Report: Hackers Seized Control of Computers in NASA’s Jet Propulsion Lab

Illustration showing NASA's newest Martian rover, the Curiosity, which will look for past or current conditions favorable for life when it lands later this year. Photo: NASA/JPL

Hackers seized control of networks at NASA’s Jet Propulsion Laboratory last November, gaining the ability to install malware, delete or steal sensitive data, and hijack the accounts of users in order to gain their privileged access, according to a report from the National Aeronautics and Space Administration’s inspector general.

The breach, originating from Chinese-based IP addresses, allowed the intruders to compromise the accounts “of the most privileged JPL users,” giving them “full access to key JPL systems,” according to Inspector General Paul K. Martin in a report to Congress (.pdf).

The investigation of the breach is ongoing, but Martin says the intruders had the ability to modify sensitive files; modify or delete user accounts for mission-critical JPL systems; and alter system logs to conceal their actions.

“In other words, the attackers had full functional control over these networks,” Martin writes.

But this wasn’t the only breach NASA experienced. In 2010 and 2011, the agency had 5,408 computer security incidents that resulted in the installation of malicious software and the theft of export-controlled and otherwise sensitive data, with an estimated cost to NASA of more than $7 million. Some of the breaches “may have been sponsored by foreign intelligence services seeking to further their countries’ objectives,” Martin writes.

One March 2011 theft of an unencrypted NASA notebook computer resulted in the loss of algorithms used to command and control the International Space Station.
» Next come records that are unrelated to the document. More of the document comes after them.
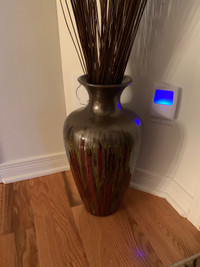Vase with sticks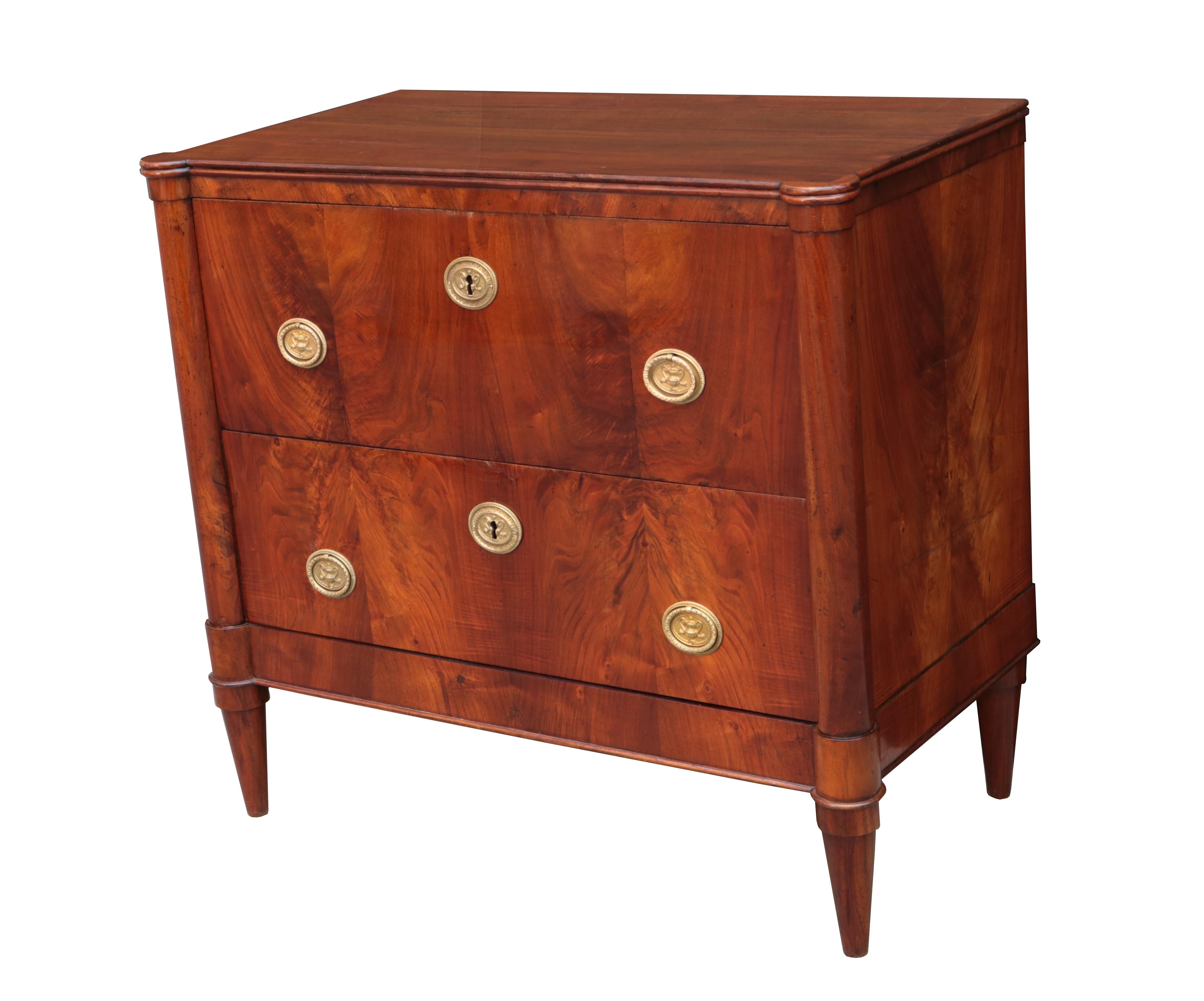 A pair of Italian Neoclassical style bedside chests.
Walnut with patinated brass pulls and escutcheons.
 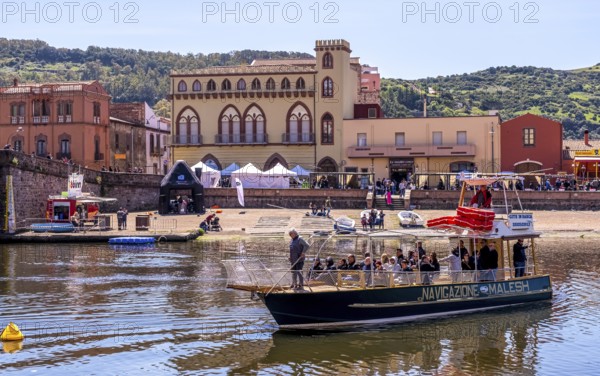 Sardinia, boats in the river Temo and houses on the promenade, guests at the restaurants with outdoor catering, Bosa, Europe, Province of Oristano, Italy, old town, architecture, view, outdoor catering, boats, bridge, facade, river Temo, leisure, gastronomy, guests, landscape, afternoon, recreation, outdoor, promenade, travel, restaurants, boat, sightseeing, dining, late summer, town, scenery, tourism, shore, water, residential buildings, relaxed, historical, Italian, cultural, local, picturesque, Mediterranean, Mediterranean climate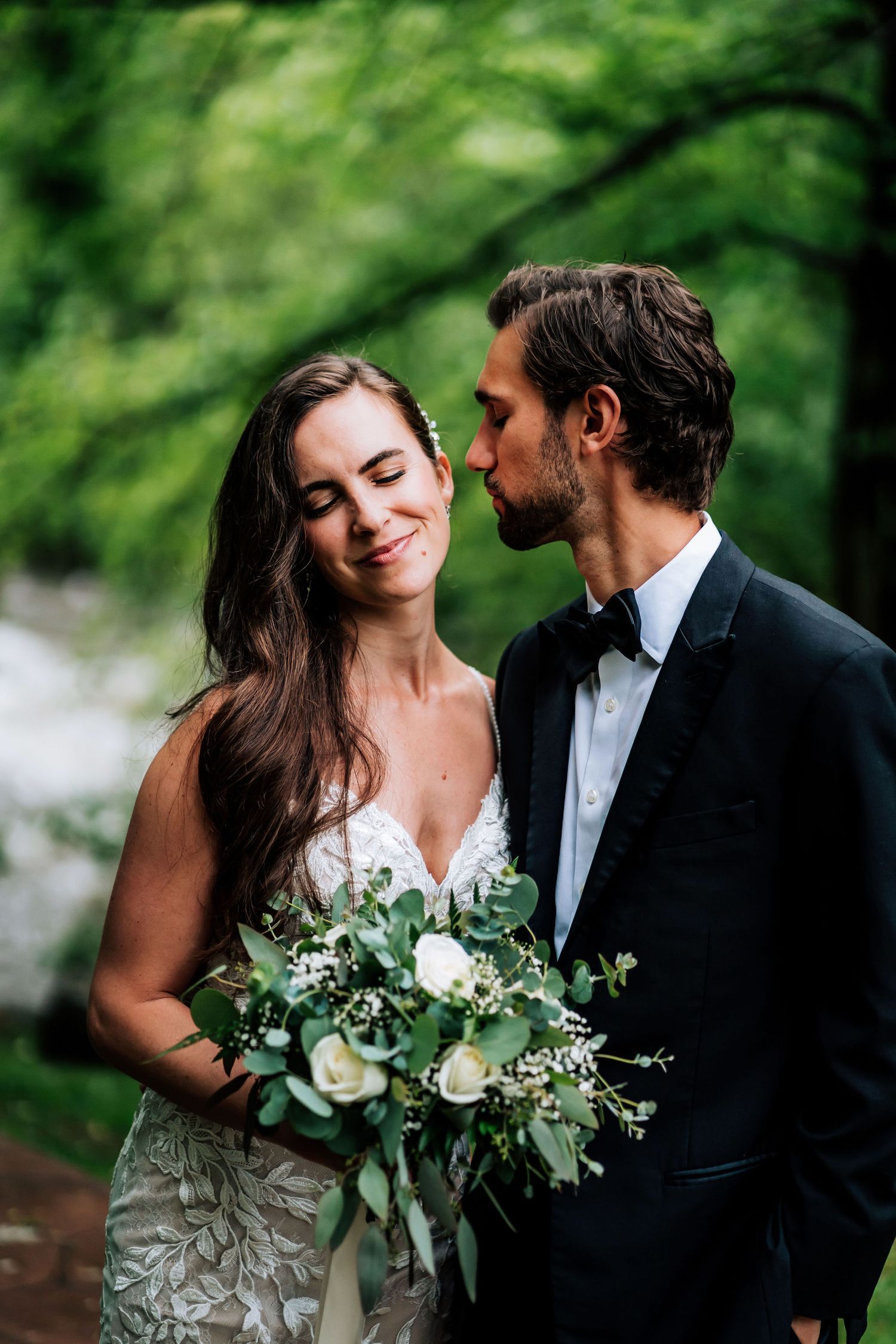 A romantic moment between newlyweds with a lush green forest backdrop and white floral bouquet.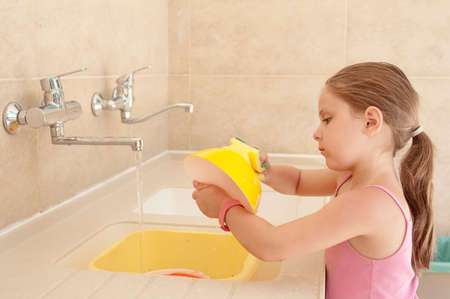 Little caucasian girl (elementary age) washing a dishes outdoor in the camping sink. Summer, camping, active recreation, touristic and education concept.の写真素材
In one of the most successful attacks, Martin notes, intruders stole user credentials for more than 150 NASA employees, which could have been used to gain unauthorized access to NASA systems.
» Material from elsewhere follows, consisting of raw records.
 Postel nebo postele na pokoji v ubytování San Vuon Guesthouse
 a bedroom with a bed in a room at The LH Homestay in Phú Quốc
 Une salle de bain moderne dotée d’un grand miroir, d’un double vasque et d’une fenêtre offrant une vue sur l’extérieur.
NASA operates more than 550 information systems that control spacecraft, collect and process scientific data, and enable NASA personnel to collaborate with colleagues around the world, and spends about $58 million annually for IT security.
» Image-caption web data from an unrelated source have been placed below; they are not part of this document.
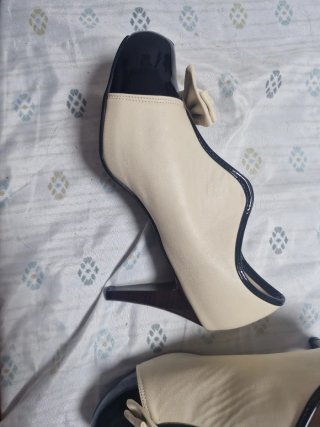 Zapatos de tacón beige y negro con lazo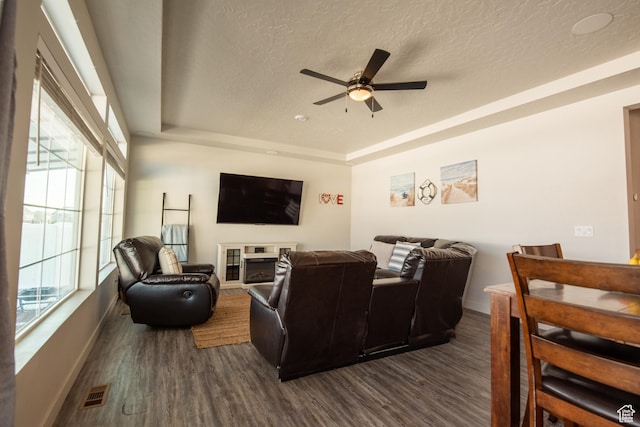 324 S Hayes Well Ln, Saratoga Springs, UT 84045 - living area featuring a raised ceiling, a textured ceiling, dark wood finished floors, visible vents, and ceiling fan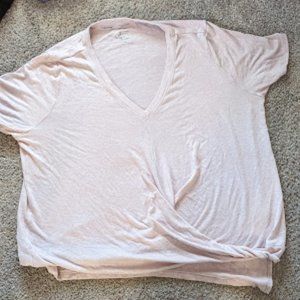 Light pink Calvin Klein shirt with a twist, good condition!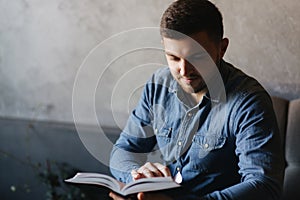 Student read book in cafe. Study and education. Young man spend time in cafe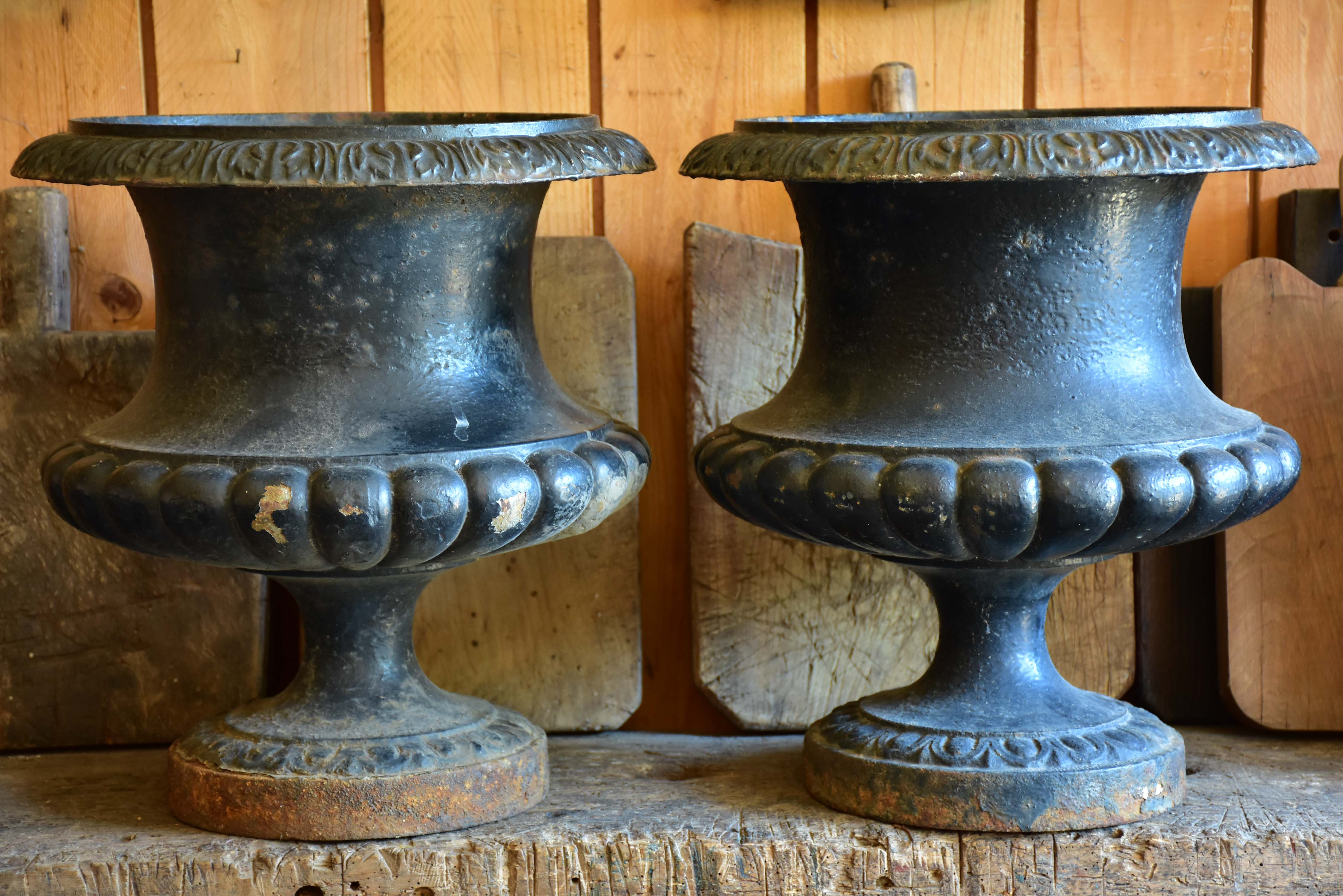 Pair of black antique French garden urns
“Some NASA systems house sensitive information which, if lost or stolen, could result in significant financial loss, adversely affect national security, or significantly impair our Nation’s competitive technological advantage,” Martin writes.

But even more troubling, he said, skilled attackers “could choose to cause significant disruption to NASA operations, as IT networks are central to all aspects of NASA’s operations.”